What the task asks: Copy out exactly the lines below that run from the one holding "BMW 8-serie Gran" to the one holding "BANDOLERA KONA BLACK", keeping both of those lines and no others.

Material for this task:

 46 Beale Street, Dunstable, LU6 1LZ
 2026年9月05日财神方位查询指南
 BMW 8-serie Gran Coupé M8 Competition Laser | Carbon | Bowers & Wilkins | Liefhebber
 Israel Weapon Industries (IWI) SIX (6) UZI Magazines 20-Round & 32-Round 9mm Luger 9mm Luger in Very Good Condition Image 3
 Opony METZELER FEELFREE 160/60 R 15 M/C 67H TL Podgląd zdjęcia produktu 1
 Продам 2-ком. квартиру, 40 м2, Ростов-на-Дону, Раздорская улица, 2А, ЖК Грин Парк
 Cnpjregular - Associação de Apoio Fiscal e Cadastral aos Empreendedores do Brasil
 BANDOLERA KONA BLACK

==

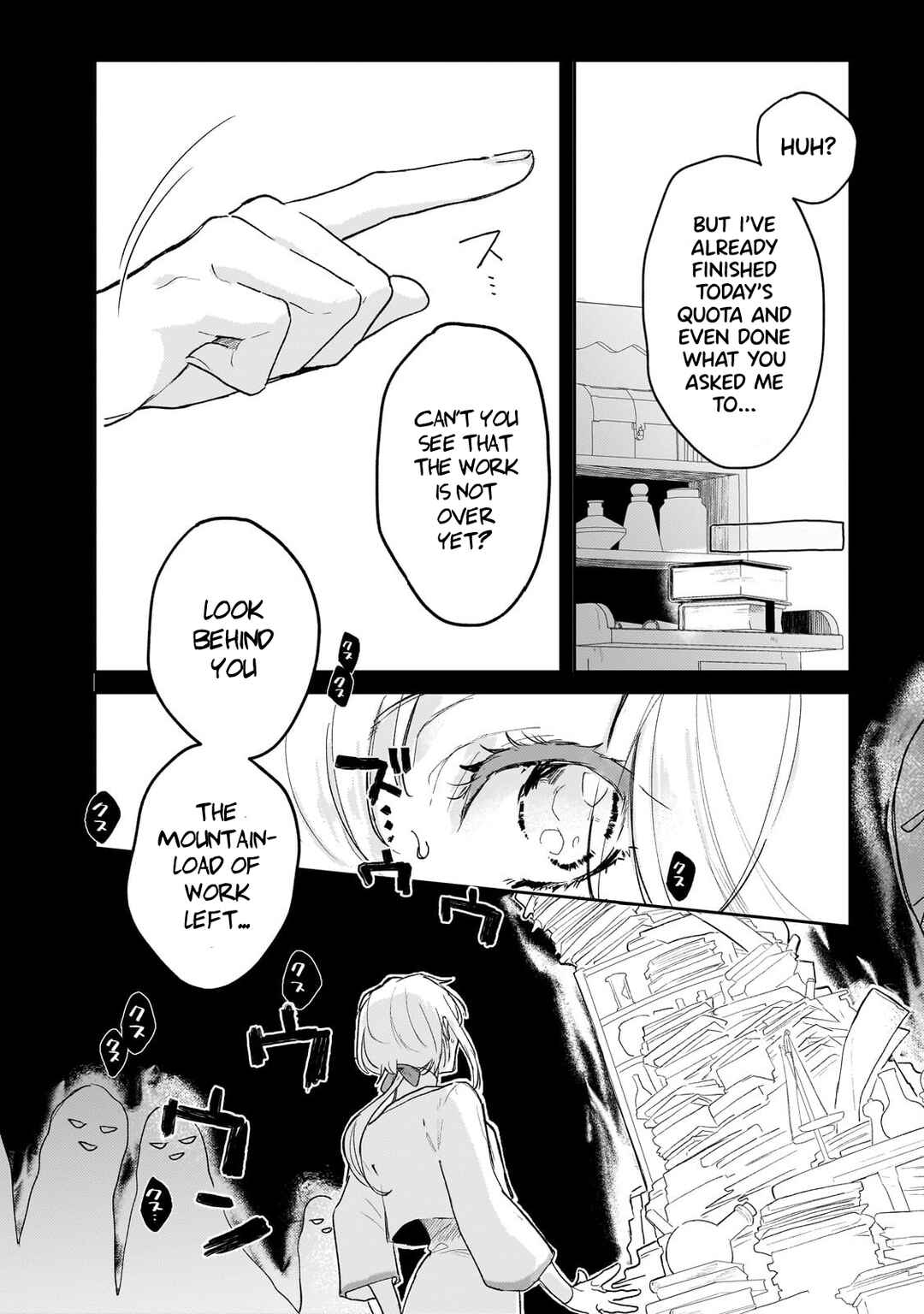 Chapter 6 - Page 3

Response to the task:
 BMW 8-serie Gran Coupé M8 Competition Laser | Carbon | Bowers & Wilkins | Liefhebber
 Israel Weapon Industries (IWI) SIX (6) UZI Magazines 20-Round & 32-Round 9mm Luger 9mm Luger in Very Good Condition Image 3
 Opony METZELER FEELFREE 160/60 R 15 M/C 67H TL Podgląd zdjęcia produktu 1
 Продам 2-ком. квартиру, 40 м2, Ростов-на-Дону, Раздорская улица, 2А, ЖК Грин Парк
 Cnpjregular - Associação de Apoio Fiscal e Cadastral aos Empreendedores do Brasil
 BANDOLERA KONA BLACK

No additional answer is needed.